One determined person can make a difference between war and peace. Ginny Bouvier’s dogged, focused, thoughtful initiatives to support the Colombian peace process helped nudge the Colombian process along the road to final accords.

Ginny especially helped to foster the role of Colombian women in the peace process. With women as a separate sector excluded at the start, Ginny encouraged, funded, and supported Colombian women’s persistent efforts to be heard at the peace table in Havana, not just as individual victims but as women, with distinct and essential perspectives if peace was to be won and upheld. She also helped lift up the voices of families of the disappeared, Afro-Colombian and indigenous communities, human rights activists, and victims of the conflict.

Ginny had a keen intellect, not taking the easy way out, pushing for serious answers to difficult questions.

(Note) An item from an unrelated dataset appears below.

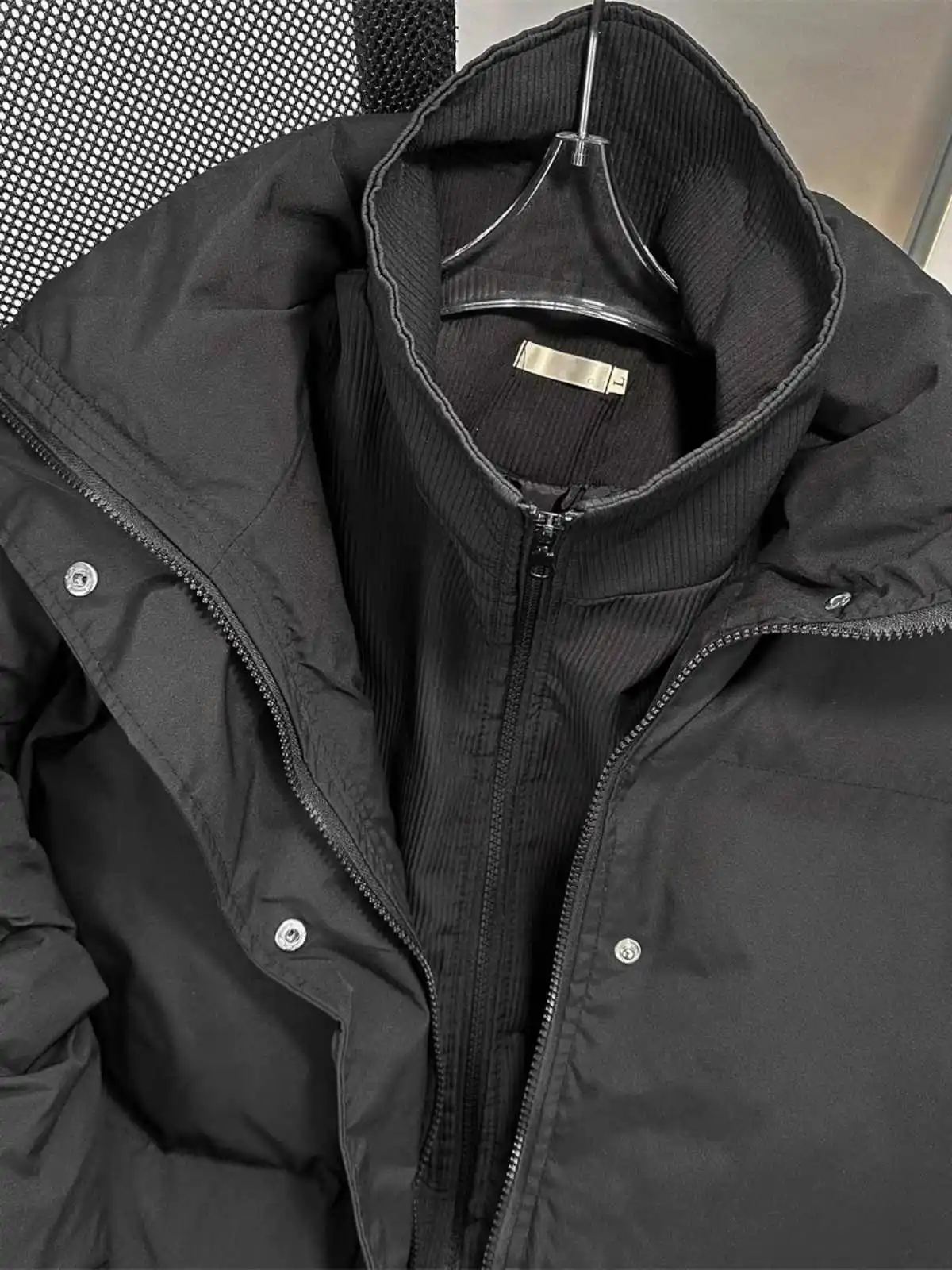 Y2K Punk American Winter Cotton Jacket for Women, Thick and Warm Design, Fake Two Loose Sweet Cool Bread Coat, 2025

Her insightful blog Colombia Calls: Notes on a nation’s struggle for peace and justice is a vivid history of the peace talks in the making. In her role at the U.S. Institute of Peace, Ginny brought together Colombian and U.S. government officials, other international diplomats, scholars, journalists, ex-combatants, and Colombian and U.S. civil society activists in thoughtful, visionary yet practical conversations about how to move peace forward.

Columnist Aldo Civico in the Colombian paper El Espectador rightly called her “Ginny de la Paz.”

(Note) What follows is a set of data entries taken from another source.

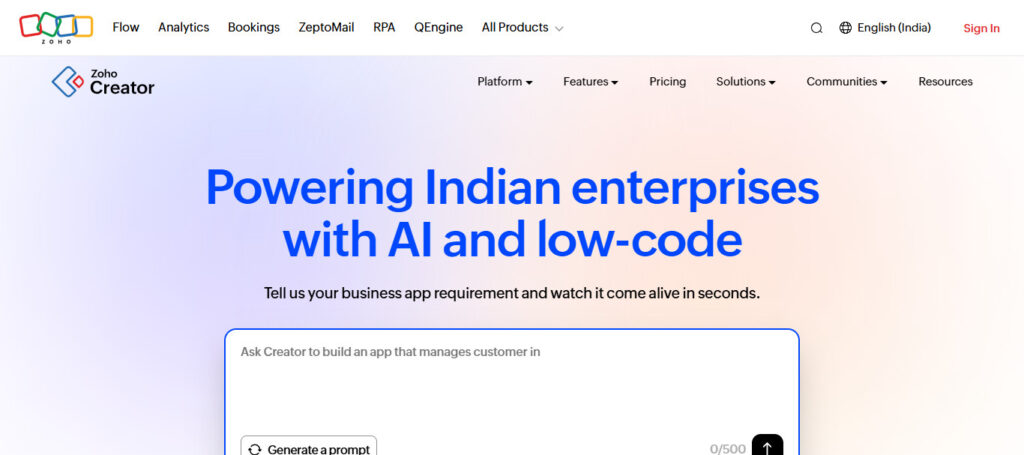 Zoho Creator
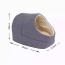 Grey - GOOPAWS Cat Cave for Cat and Warming Burrow Cat Bed, Pet Hideway Sleeping Cuddle Cave - 18" x14" x12"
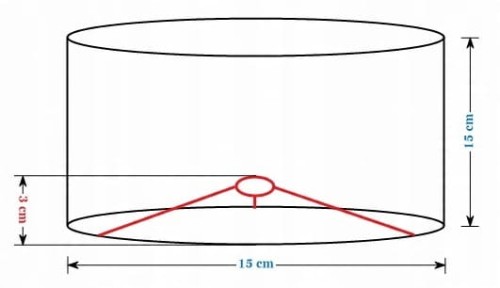 Abażur złoty LATINA - walec 15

I valued Ginny Bouvier tremendously as a colleague and partner in efforts by U.S. civil society as well as the U.S. government to support Colombian efforts to end a fifty-year war that has killed over 260,000 people and displaced over 7 million women, men and children.

We were also friends.

Ginny lived and breathed the Colombian peace process. As friends during August we would go to the Martin Luther King community swimming pool on New Hampshire Avenue in Silver Spring, between our houses. There, we would wade into the lazy river and float on inner tubes. We would go round and round the lazy river together, under the waterfalls, with all the happily shouting children and teenagers, talking about the Colombian peace process, what was happening at the peace talks in Havana, the latest wrinkle in the ELN negotiations… every last detail.

Of course, despite her capacity for focus, Ginny was hardly one-dimensional. She was deeply committed to her wonderful family, to her husband Jim and daughter Maya, and she was a good friend.

Ginny, the Colombian peace process will miss you. The world will miss you. So will I.